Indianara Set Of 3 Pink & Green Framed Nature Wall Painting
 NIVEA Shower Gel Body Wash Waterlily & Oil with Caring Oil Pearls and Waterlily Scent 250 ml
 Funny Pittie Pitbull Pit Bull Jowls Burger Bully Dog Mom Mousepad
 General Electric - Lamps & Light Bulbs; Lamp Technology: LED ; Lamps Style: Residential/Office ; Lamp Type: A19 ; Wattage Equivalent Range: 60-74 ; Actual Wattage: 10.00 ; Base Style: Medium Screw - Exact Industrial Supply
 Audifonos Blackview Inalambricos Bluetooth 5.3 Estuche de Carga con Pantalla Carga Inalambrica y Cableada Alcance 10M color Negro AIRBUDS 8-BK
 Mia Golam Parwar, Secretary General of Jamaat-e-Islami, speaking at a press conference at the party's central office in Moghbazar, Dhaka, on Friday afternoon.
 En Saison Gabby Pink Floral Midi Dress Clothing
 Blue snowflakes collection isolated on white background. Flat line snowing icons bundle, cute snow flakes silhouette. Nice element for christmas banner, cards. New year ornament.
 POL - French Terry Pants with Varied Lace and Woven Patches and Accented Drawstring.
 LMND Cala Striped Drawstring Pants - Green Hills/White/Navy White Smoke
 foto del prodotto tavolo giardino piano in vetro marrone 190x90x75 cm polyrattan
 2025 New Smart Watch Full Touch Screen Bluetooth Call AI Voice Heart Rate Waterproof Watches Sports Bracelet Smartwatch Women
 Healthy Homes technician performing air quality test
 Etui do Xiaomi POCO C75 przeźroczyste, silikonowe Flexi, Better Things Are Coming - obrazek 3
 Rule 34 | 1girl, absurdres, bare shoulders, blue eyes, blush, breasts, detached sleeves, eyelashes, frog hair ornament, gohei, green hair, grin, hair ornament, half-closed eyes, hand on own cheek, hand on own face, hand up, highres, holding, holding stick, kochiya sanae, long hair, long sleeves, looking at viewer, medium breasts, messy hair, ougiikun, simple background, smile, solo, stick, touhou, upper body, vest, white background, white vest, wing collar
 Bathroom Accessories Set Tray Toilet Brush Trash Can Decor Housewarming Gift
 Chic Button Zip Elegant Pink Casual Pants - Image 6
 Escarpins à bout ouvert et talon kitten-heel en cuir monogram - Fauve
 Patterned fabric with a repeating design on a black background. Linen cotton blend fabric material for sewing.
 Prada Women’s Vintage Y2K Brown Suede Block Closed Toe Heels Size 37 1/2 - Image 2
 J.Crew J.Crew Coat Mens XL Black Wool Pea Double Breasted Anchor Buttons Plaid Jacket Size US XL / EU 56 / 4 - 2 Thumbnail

——————————

** Goal of the exercise **
In your answer, repeat each of the records exactly.

** Result of the exercise **
Indianara Set Of 3 Pink & Green Framed Nature Wall Painting
 NIVEA Shower Gel Body Wash Waterlily & Oil with Caring Oil Pearls and Waterlily Scent 250 ml
 Funny Pittie Pitbull Pit Bull Jowls Burger Bully Dog Mom Mousepad
 General Electric - Lamps & Light Bulbs; Lamp Technology: LED ; Lamps Style: Residential/Office ; Lamp Type: A19 ; Wattage Equivalent Range: 60-74 ; Actual Wattage: 10.00 ; Base Style: Medium Screw - Exact Industrial Supply
 Audifonos Blackview Inalambricos Bluetooth 5.3 Estuche de Carga con Pantalla Carga Inalambrica y Cableada Alcance 10M color Negro AIRBUDS 8-BK
 Mia Golam Parwar, Secretary General of Jamaat-e-Islami, speaking at a press conference at the party's central office in Moghbazar, Dhaka, on Friday afternoon.
 En Saison Gabby Pink Floral Midi Dress Clothing
 Blue snowflakes collection isolated on white background. Flat line snowing icons bundle, cute snow flakes silhouette. Nice element for christmas banner, cards. New year ornament.
 POL - French Terry Pants with Varied Lace and Woven Patches and Accented Drawstring.
 LMND Cala Striped Drawstring Pants - Green Hills/White/Navy White Smoke
 foto del prodotto tavolo giardino piano in vetro marrone 190x90x75 cm polyrattan
 2025 New Smart Watch Full Touch Screen Bluetooth Call AI Voice Heart Rate Waterproof Watches Sports Bracelet Smartwatch Women
 Healthy Homes technician performing air quality test
 Etui do Xiaomi POCO C75 przeźroczyste, silikonowe Flexi, Better Things Are Coming - obrazek 3
 Rule 34 | 1girl, absurdres, bare shoulders, blue eyes, blush, breasts, detached sleeves, eyelashes, frog hair ornament, gohei, green hair, grin, hair ornament, half-closed eyes, hand on own cheek, hand on own face, hand up, highres, holding, holding stick, kochiya sanae, long hair, long sleeves, looking at viewer, medium breasts, messy hair, ougiikun, simple background, smile, solo, stick, touhou, upper body, vest, white background, white vest, wing collar
 Bathroom Accessories Set Tray Toilet Brush Trash Can Decor Housewarming Gift
 Chic Button Zip Elegant Pink Casual Pants - Image 6
 Escarpins à bout ouvert et talon kitten-heel en cuir monogram - Fauve
 Patterned fabric with a repeating design on a black background. Linen cotton blend fabric material for sewing.
 Prada Women’s Vintage Y2K Brown Suede Block Closed Toe Heels Size 37 1/2 - Image 2
 J.Crew J.Crew Coat Mens XL Black Wool Pea Double Breasted Anchor Buttons Plaid Jacket Size US XL / EU 56 / 4 - 2 Thumbnail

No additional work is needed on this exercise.